Parse a structured text string into a form that can be used with 
structured formats, like html.

Structured text is text that uses indentation and simple
symbology to indicate the structure of a document.  

A structured string consists of a sequence of paragraphs separated by
one or more blank lines.  Each paragraph has a level which is defined
as the minimum indentation of the paragraph.  A paragraph is a
sub-paragraph of another paragraph if the other paragraph is the last
preceding paragraph that has a lower level.

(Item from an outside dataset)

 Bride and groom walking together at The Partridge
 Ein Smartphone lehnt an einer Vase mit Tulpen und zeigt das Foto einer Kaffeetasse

Special symbology is used to indicate special constructs:

- A single-line paragraph whose immediately succeeding paragraphs are lower
  level is treated as a header.

- A paragraph that begins with a '-', '*', or 'o' is treated as an
  unordered list (bullet) element.

- A paragraph that begins with a sequence of digits followed by a
  white-space character is treated as an ordered list element.

- A paragraph that begins with a sequence of sequences, where each
  sequence is a sequence of digits or a sequence of letters followed
  by a period, is treated as an ordered list element.

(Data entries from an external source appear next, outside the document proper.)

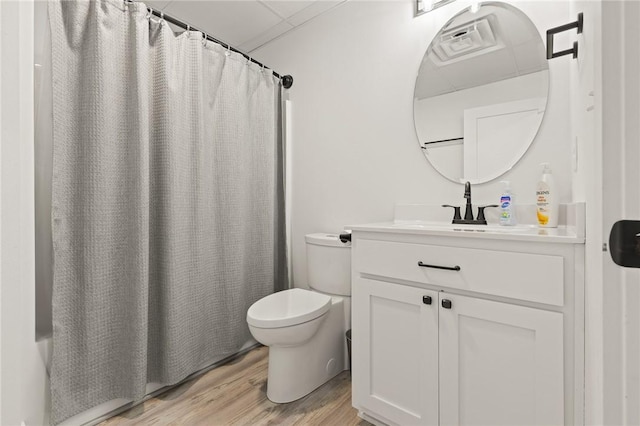 bathroom with vanity, a paneled ceiling, wood finished floors, and toilet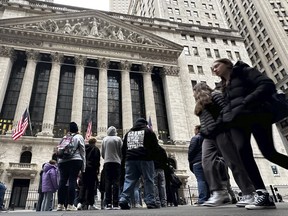 Des gens passent devant la Bourse de New York, le 27 mars 2024.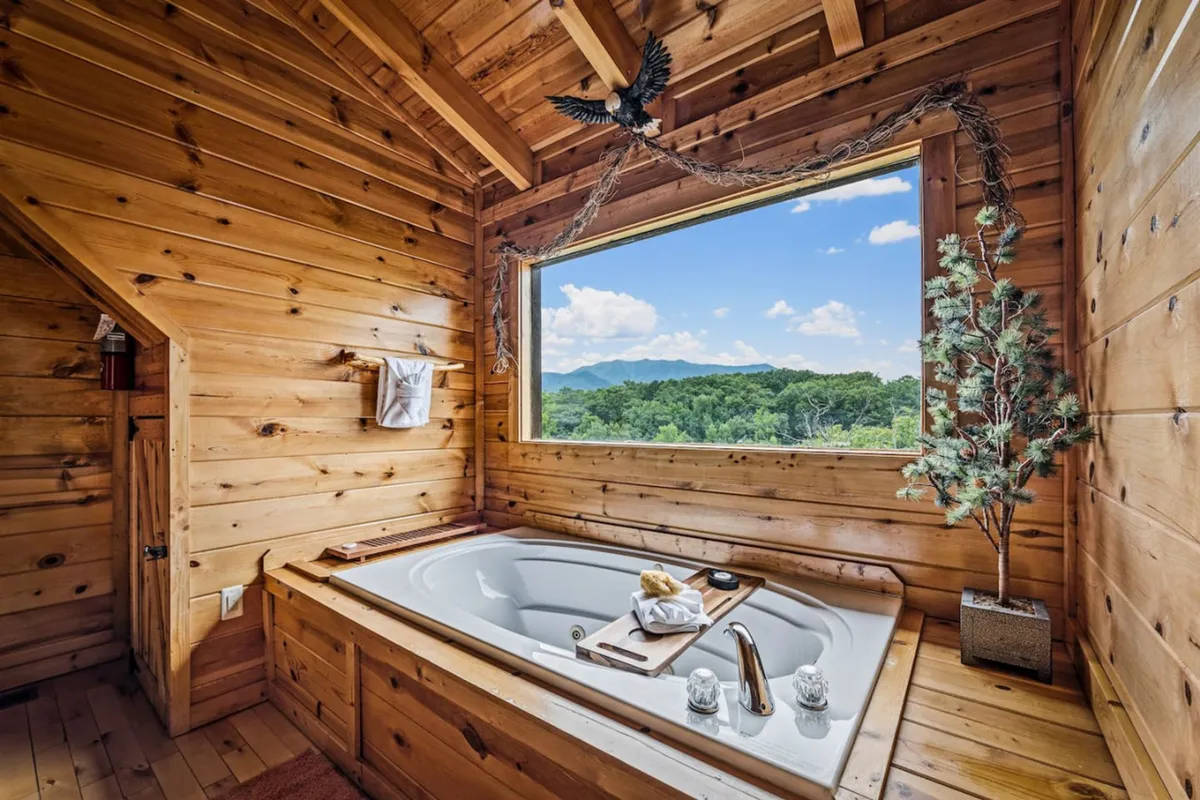 A serene interior shot of a spacious bedroom featuring a large window with panoramic mountain views, a luxurious jacuzzi tub set within the bedroom, warm wooden wall paneling, and a decorative plant that adds a touch of nature. The mood is tranquil, and the in-room tub is a central feature, inviting relaxation while taking in the landscape.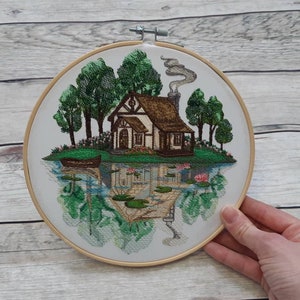 May include: Embroidered hoop art featuring a cottage with a brown roof and smoke coming from the chimney. The cottage is surrounded by green trees and a small boat on a lake with lily pads.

- A paragraph with a first line that contains some text, followed by
  some white-space and '--' is treated as
  a descriptive list element. The leading text is treated as the
  element title.

- Sub-paragraphs of a paragraph that ends in the word 'example' or the
  word 'examples', or '::' is treated as example code and is output as is.

- Text enclosed single quotes (with white-space to the left of the
  first quote and whitespace or puctuation to the right of the second quote)
  is treated as example code.

- Text surrounded by '*' characters (with white-space to the left of the
  first '*' and whitespace or puctuation to the right of the second '*')
  is emphasized.

- Text surrounded by '**' characters (with white-space to the left of the
  first '**' and whitespace or puctuation to the right of the second '**')
  is made strong.

- Text surrounded by '_' underscore characters (with whitespace to the left 
  and whitespace or punctuation to the right) is made underlined.

- Text encloded by double quotes followed by a colon, a URL, and concluded
  by punctuation plus white space, *or* just white space, is treated as a
  hyper link. For example:

    "Zope":http://www.zope.org/ is ...

  Is interpreted as '<a href="http://www.zope.org/">Zope</a> is ....'
  Note: This works for relative as well as absolute URLs.

- Text enclosed by double quotes followed by a comma, one or more spaces,
  an absolute URL and concluded by punctuation plus white space, or just
  white space, is treated as a hyper link. For example: 

    "mail me", mailto:amos@digicool.com.

  Is interpreted as '<a href="mailto:amos@digicool.com">mail me</a>.' 

- Text enclosed in brackets which consists only of letters, digits,
  underscores and dashes is treated as hyper links within the document.
  For example:
    
    As demonstrated by Smith [12] this technique is quite effective.

  Is interpreted as '... by Smith <a href="#12">[12]</a> this ...'. Together
  with the next rule this allows easy coding of references or end notes.

- Text enclosed in brackets which is preceded by the start of a line, two
  periods and a space is treated as a named link. For example:

    .. [12] "Effective Techniques" Smith, Joe ... 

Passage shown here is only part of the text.